The articles published in the Netherlands were comparing estimated costs of the PRRT produced by certain hospitals for their individual patients with the cost of Lutathera, a “ready-to-use” drug that has received marketing authorization in the EU and US and is being made broadly available.
For the handful of hospitals in the Netherlands that have the capability to prepare their own treatment, Lu-177 remains available, with no price increase. But it’s important to keep in mind there are also many other hospitals in the Netherlands and across Europe and the United States that don’t have the ability to prepare their own treatments. So it’s important that EMA- and FDA-approved Lutathera is also available to patients.

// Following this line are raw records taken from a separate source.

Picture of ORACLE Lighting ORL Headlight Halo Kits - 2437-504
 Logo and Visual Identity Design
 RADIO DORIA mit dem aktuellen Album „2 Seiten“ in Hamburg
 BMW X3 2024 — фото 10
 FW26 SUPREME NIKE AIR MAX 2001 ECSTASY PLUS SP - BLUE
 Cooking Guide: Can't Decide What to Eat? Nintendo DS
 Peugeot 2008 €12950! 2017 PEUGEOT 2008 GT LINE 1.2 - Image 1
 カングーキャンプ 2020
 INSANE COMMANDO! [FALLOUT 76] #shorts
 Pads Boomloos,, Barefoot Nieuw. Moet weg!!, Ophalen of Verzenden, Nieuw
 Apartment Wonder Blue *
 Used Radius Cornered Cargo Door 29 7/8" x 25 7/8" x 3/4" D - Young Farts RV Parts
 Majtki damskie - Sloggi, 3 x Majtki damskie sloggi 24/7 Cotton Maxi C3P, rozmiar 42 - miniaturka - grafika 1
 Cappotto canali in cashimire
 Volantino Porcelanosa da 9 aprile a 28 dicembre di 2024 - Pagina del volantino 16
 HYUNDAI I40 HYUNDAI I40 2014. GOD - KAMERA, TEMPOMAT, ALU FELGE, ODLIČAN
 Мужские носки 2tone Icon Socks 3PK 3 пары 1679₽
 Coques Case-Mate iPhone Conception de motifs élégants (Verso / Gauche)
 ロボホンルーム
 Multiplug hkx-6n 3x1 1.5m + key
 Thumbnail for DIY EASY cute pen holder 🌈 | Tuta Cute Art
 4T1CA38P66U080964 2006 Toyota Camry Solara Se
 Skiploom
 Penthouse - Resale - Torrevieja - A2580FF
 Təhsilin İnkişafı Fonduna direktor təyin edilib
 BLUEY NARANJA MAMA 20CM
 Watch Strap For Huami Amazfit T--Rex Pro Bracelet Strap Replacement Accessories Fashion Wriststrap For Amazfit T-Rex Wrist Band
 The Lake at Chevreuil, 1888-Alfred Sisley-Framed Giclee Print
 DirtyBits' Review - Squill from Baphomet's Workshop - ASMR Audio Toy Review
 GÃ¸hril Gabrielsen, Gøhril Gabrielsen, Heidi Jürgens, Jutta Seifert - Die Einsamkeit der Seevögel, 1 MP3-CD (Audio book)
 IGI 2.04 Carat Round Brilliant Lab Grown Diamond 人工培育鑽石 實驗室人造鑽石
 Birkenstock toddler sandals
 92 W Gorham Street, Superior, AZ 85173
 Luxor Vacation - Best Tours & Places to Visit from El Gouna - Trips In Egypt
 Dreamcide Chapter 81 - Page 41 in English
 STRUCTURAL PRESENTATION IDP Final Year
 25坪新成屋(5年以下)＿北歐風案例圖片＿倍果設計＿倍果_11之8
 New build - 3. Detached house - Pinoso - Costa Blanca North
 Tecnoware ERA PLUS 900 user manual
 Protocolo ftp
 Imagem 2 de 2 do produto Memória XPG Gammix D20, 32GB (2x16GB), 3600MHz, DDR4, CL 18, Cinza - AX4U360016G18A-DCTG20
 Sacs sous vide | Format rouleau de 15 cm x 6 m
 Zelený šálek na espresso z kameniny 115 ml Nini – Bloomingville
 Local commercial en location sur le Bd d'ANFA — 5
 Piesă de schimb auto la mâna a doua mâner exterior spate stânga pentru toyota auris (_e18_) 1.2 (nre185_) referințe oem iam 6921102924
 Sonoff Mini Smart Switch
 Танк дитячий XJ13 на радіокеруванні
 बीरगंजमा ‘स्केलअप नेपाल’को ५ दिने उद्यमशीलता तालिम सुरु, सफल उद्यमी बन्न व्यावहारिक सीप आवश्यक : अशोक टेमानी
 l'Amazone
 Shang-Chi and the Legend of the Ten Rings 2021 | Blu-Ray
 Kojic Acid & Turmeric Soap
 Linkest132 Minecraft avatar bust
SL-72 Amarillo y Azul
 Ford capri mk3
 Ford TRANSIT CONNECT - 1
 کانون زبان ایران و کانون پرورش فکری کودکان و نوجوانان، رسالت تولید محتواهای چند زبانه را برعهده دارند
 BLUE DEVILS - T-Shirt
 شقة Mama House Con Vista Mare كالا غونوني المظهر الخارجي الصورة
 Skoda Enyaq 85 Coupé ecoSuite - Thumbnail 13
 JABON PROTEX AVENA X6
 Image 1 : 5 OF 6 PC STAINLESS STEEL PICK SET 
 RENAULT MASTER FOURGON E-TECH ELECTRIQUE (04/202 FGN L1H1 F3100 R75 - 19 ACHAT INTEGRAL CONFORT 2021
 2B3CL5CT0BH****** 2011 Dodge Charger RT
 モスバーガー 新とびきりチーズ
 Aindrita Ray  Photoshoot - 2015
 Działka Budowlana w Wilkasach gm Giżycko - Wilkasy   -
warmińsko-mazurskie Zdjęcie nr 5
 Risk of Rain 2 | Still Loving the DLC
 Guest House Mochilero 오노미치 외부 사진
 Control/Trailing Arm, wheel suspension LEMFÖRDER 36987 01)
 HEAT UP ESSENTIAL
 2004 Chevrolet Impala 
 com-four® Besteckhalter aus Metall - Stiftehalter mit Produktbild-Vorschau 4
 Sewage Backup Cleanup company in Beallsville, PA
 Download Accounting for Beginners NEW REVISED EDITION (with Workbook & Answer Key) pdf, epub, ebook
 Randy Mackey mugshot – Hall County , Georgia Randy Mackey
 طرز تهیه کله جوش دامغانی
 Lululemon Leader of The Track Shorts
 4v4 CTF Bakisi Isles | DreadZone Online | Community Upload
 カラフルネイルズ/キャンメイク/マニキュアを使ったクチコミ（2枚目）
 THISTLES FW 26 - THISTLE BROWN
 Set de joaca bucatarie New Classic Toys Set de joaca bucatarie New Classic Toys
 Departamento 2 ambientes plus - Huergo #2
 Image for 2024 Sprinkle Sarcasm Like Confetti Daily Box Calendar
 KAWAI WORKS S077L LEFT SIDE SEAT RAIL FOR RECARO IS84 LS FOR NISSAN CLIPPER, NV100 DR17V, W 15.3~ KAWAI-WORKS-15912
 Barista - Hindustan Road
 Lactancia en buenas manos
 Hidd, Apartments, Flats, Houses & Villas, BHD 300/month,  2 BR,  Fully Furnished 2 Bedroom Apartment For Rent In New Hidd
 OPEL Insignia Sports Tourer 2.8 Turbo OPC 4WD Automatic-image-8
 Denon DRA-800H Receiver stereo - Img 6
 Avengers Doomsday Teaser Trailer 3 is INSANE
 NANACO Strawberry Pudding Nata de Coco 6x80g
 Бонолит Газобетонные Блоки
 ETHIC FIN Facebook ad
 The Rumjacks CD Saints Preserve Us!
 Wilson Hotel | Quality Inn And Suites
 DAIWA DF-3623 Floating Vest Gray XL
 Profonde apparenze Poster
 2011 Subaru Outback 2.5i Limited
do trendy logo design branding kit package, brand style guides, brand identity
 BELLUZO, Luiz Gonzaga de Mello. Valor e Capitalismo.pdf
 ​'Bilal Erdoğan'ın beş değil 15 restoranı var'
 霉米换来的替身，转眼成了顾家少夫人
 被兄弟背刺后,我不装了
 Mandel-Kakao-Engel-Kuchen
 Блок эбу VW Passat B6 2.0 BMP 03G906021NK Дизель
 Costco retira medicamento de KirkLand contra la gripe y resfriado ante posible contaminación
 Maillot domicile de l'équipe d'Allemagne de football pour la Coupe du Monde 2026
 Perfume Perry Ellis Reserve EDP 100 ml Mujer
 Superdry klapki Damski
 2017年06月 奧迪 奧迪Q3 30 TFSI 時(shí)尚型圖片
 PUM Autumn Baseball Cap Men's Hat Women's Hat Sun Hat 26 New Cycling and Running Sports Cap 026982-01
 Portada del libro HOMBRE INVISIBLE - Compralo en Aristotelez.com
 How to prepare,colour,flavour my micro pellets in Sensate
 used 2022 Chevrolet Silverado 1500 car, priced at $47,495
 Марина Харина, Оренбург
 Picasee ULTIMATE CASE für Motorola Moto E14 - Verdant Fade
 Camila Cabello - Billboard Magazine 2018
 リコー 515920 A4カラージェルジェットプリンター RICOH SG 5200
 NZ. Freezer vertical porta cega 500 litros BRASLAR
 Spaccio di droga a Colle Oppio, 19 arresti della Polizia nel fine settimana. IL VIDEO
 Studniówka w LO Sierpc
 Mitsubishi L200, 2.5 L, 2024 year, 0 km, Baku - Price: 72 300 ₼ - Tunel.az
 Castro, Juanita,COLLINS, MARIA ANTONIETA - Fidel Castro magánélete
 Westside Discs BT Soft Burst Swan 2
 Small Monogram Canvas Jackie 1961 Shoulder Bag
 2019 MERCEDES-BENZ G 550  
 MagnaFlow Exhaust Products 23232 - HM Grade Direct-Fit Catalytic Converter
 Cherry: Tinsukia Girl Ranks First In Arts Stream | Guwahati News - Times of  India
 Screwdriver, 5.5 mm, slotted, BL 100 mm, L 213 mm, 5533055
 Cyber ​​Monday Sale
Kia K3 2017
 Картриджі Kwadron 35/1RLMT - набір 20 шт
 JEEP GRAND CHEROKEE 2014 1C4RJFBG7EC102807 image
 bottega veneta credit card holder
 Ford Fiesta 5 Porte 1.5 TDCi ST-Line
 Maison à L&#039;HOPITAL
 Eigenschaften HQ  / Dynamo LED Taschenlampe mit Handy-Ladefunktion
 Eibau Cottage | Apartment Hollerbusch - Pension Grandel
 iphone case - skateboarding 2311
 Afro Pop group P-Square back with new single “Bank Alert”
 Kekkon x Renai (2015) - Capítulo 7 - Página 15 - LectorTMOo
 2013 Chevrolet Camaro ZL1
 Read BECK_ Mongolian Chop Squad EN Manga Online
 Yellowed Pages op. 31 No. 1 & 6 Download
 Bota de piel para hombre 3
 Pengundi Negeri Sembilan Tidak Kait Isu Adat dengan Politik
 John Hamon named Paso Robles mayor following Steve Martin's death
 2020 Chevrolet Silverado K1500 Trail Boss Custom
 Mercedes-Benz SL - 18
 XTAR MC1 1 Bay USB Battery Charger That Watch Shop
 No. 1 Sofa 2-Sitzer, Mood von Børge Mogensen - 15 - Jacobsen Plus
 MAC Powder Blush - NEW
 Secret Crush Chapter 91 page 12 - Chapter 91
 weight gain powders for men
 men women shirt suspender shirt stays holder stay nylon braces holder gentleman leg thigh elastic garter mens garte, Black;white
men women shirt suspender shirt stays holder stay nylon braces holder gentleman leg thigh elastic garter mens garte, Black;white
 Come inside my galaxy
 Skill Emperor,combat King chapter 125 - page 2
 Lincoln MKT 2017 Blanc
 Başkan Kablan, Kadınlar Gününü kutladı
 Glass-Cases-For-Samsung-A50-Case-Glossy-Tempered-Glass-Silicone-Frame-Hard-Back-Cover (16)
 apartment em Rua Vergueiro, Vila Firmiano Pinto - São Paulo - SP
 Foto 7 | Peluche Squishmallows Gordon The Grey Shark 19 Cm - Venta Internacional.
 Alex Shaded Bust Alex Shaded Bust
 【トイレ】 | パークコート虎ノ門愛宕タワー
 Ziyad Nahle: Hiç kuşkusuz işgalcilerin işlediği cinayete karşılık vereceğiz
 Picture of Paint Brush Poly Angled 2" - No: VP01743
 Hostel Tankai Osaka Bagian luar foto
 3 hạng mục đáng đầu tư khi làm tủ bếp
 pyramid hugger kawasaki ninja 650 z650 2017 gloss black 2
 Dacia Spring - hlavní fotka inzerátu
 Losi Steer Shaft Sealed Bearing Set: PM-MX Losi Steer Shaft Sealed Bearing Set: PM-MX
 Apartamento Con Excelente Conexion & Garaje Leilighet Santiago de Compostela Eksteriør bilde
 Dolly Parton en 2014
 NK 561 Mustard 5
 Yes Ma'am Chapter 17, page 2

Lutathera has been approved for reimbursement in the Netherlands and we are currently in negotiations on price. We recognize the special role of the Erasmus University Medical Center in Rotterdam in the early development of PRRT. We have engaged in constructive dialogue with all relevant stakeholders in the Netherlands including the government and payers and we are working together on finding a solution.
AAA conducted a global Phase III trial of Lutathera, negotiated with regulatory authorities, has established a global GMP-certified manufacturing process to produce ready-to-use drug, and developed a global supply chain process that allows us to deliver Lutathera to hundreds of centers in Europe and the US that lack the ability to make it themselves. We are committed to doing everything we can to ensure access for patients who may benefit from this innovative therapy.
The price of Lutathera was carefully considered and based on the benefit the treatment provides to patients, healthcare systems and society at large. It is priced comparably to other existing therapies approved for this patient population. Lutathera is widely reimbursed in the US and several EU payers already have reviewed and recommended Lutathera for reimbursement based on their evaluation of its efficacy and cost-effectiveness. Several other EU countries are currently conducting these evaluations as well.